■ **AIM OF THE EXERCISE**
Exclude the pictures, then repeat the remaining data exactly.

■ **DATASET CONTENT**

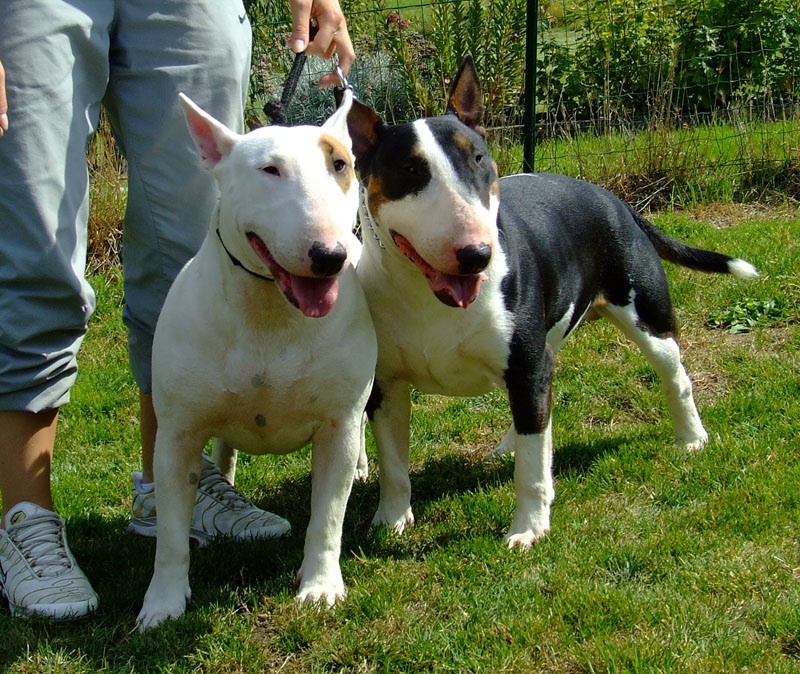 Publication : White Genesis Auteur : Sarah Stringhetta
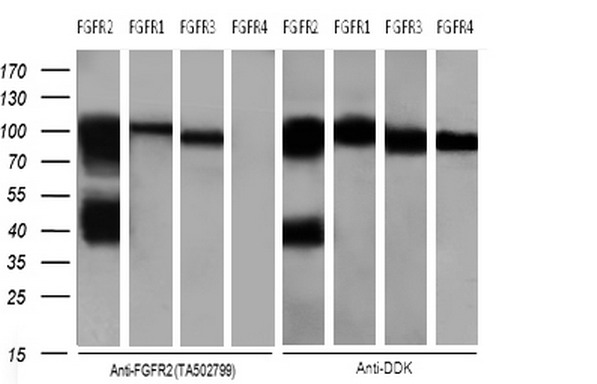 m00231 1 anti fgfr2 mouse monoclonal antibody clone id oti3f8 wb testing 3
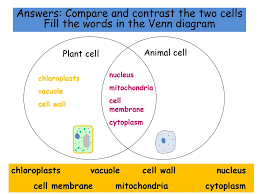 Plant cells have cell walls while animal cells do not have cell walls. Eal Nexus Resource Cells Comparing Plant And Animal Cells Subject Ppt Video Online Download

■ **TASK OUTPUT**
 Publication : White Genesis Auteur : Sarah Stringhetta
 m00231 1 anti fgfr2 mouse monoclonal antibody clone id oti3f8 wb testing 3
 Plant cells have cell walls while animal cells do not have cell walls. Eal Nexus Resource Cells Comparing Plant And Animal Cells Subject Ppt Video Online Download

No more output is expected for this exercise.